Items listed in a dataset ▸

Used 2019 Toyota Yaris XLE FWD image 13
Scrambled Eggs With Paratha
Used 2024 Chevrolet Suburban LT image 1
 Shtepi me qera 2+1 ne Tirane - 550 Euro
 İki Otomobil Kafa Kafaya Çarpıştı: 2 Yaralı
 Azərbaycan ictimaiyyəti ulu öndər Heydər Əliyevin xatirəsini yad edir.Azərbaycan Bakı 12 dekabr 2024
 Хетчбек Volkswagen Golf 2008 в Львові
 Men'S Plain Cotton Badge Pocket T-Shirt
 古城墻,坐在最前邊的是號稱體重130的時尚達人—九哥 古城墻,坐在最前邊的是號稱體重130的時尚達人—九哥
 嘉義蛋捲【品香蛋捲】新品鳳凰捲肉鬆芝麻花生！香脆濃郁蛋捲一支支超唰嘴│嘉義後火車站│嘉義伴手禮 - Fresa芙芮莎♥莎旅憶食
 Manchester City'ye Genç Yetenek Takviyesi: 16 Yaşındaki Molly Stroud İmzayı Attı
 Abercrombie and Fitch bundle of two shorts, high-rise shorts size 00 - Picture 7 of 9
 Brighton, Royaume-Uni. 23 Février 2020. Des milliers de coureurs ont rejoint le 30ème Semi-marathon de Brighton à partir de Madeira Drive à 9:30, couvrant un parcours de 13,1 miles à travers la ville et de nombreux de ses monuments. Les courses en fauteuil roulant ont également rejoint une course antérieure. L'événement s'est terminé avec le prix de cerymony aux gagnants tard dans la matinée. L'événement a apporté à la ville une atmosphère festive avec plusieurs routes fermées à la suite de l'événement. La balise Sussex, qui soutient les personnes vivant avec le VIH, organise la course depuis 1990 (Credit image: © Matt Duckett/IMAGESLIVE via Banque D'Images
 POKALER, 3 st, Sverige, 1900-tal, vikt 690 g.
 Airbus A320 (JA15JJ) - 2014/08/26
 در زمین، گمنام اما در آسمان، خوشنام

What you are asked to do ▸
Go through the records and copy each one exactly.

Task output ▸
Used 2019 Toyota Yaris XLE FWD image 13
Scrambled Eggs With Paratha
Used 2024 Chevrolet Suburban LT image 1
 Shtepi me qera 2+1 ne Tirane - 550 Euro
 İki Otomobil Kafa Kafaya Çarpıştı: 2 Yaralı
 Azərbaycan ictimaiyyəti ulu öndər Heydər Əliyevin xatirəsini yad edir.Azərbaycan Bakı 12 dekabr 2024
 Хетчбек Volkswagen Golf 2008 в Львові
 Men'S Plain Cotton Badge Pocket T-Shirt
 古城墻,坐在最前邊的是號稱體重130的時尚達人—九哥 古城墻,坐在最前邊的是號稱體重130的時尚達人—九哥
 嘉義蛋捲【品香蛋捲】新品鳳凰捲肉鬆芝麻花生！香脆濃郁蛋捲一支支超唰嘴│嘉義後火車站│嘉義伴手禮 - Fresa芙芮莎♥莎旅憶食
 Manchester City'ye Genç Yetenek Takviyesi: 16 Yaşındaki Molly Stroud İmzayı Attı
 Abercrombie and Fitch bundle of two shorts, high-rise shorts size 00 - Picture 7 of 9
 Brighton, Royaume-Uni. 23 Février 2020. Des milliers de coureurs ont rejoint le 30ème Semi-marathon de Brighton à partir de Madeira Drive à 9:30, couvrant un parcours de 13,1 miles à travers la ville et de nombreux de ses monuments. Les courses en fauteuil roulant ont également rejoint une course antérieure. L'événement s'est terminé avec le prix de cerymony aux gagnants tard dans la matinée. L'événement a apporté à la ville une atmosphère festive avec plusieurs routes fermées à la suite de l'événement. La balise Sussex, qui soutient les personnes vivant avec le VIH, organise la course depuis 1990 (Credit image: © Matt Duckett/IMAGESLIVE via Banque D'Images
 POKALER, 3 st, Sverige, 1900-tal, vikt 690 g.
 Airbus A320 (JA15JJ) - 2014/08/26
 در زمین، گمنام اما در آسمان، خوشنام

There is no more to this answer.